De' Clerke

Posted on Jun 2

# dbt in Production: 5 Gotchas That Broke My Pipelines

#dbt #dataengineering #elt #etl

I've run dbt across more than eight data pipeline projects. Stock prices, real estate listings, call center data, loan risk models, government budget reconciliation. Different databases, different schemas, different team setups. And across all of them, the same category of failure kept appearing: dbt behaves in ways that are technically correct but completely non-obvious, and the failures are usually silent.

Before we get to the gotchas, here's the context on what dbt is and why it's worth understanding deeply.

What dbt Is (and Why Everyone Is Adopting It)

dbt (data build tool) is a transformation framework that sits inside the T of your ELT stack. You load raw data into your warehouse first, then dbt transforms it there using SQL. The transformation logic lives in .sql files, version-controlled like application code, organized into a DAG that dbt builds automatically from {{ ref() }} dependencies.

The reason the data engineering community has moved toward it fast:

SQL analysts can write production transformation logic. You don't need a Python engineer to build a mart model. If you can write a SELECT, you can write a dbt model. dbt handles materialization, dependency resolution, and schema management.

Testing is built in. Four generic tests cover the most common data quality assertions: unique, not_null, accepted_values, relationships. You wire them up in YAML and dbt runs them as part of every build. The first time I had 54 tests passing green across a single pipeline, the confidence it gave for deploying changes was qualitatively different from anything I'd had before.

Lineage is automatic. Because all models reference each other via {{ ref('model_name') }}, dbt builds a DAG of your entire transformation layer. dbt docs generate produces a browsable data catalog with column-level lineage. Stakeholders can see exactly where a number comes from without asking a data engineer.

Incremental models make large tables practical. Instead of reprocessing millions of rows every run, incremental models append or merge only new data. For a stock price table with years of history, this is the difference between a 10-second run and a 10-minute one.

The stack it fits: dbt works with PostgreSQL, DuckDB, BigQuery, Snowflake, Redshift, and most other modern warehouses through adapters. The same model code, mostly unchanged, runs on all of them.

The Gotcha Article Starts Here

dbt ran cleanly. Green checkmarks across the board. My Airflow DAG showed SUCCESS. My ingestion table was gone.

That's what happened when I named a dbt model the same as a table my Python ingestion script was managing. dbt saw the table existed, assumed it owned it, dropped it, and recreated it as an empty view. No warning. No error. Just a clean run and missing data.

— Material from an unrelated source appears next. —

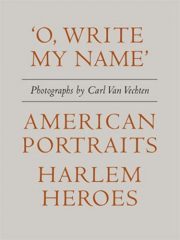 O, Write My Name’: American Portraits, Harlem Heroes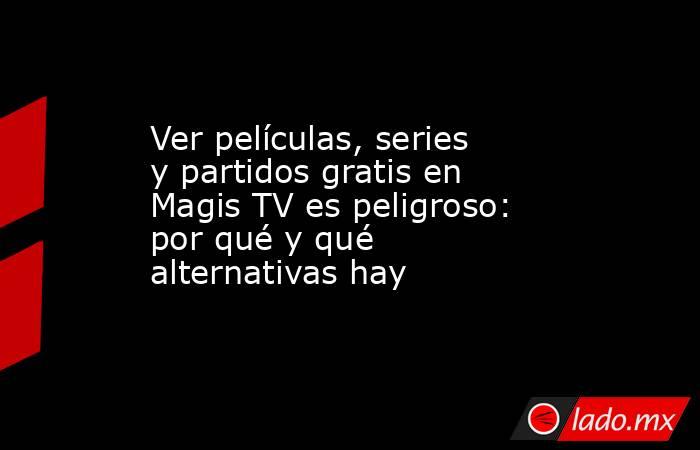 Ver películas, series y partidos gratis en Magis TV es peligroso: por qué y qué alternativas hay. Noticias en tiempo real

Here are five things that broke my dbt setups in production, and how to fix each.

1. Table Name Collision: dbt Will Drop Your Ingestion Table

When a dbt model shares a name with an existing table in the same schema, dbt treats that table as its own on the next dbt run. It drops it and recreates it based on the model SQL.

This bit me on a pipeline where my ingestion script was writing to public.stock_prices and I had a dbt model also named stock_prices. The first dbt run wiped the base table and replaced it with a view of itself — which was now empty, because the source data it was reading from had just been deleted.

-- What my Python script created:
-- Table: public.stock_prices  (3,200 rows of raw ingestion data)

-- What my dbt model did on first run:
-- DROP TABLE public.stock_prices
-- CREATE VIEW public.stock_prices AS SELECT ...
-- (now selecting from a table that no longer exists)

The fix has two parts. First, always prefix dbt staging models with stg_:

-- models/staging/stg_stock_prices.sql
{{ config(materialized='view') }}

SELECT
    id,
    UPPER(TRIM(symbol))         AS symbol,
    close_price::NUMERIC(12, 4) AS close_price,
    volume::BIGINT              AS volume,
    timestamp::TIMESTAMPTZ      AS ts
FROM {{ source('raw', 'stock_prices') }}
WHERE close_price > 0

Second, if you need to use a specific schema for dbt models and keep them away from Python-managed tables, set it in dbt_project.yml:

models:
  my_project:
    staging:
      +materialized: view
      +schema: staging     # creates schema: <target>_staging, separate from raw tables

The rule I follow now: every table my ingestion pipeline owns goes in raw schema, every dbt model goes in staging or marts. They never share a namespace.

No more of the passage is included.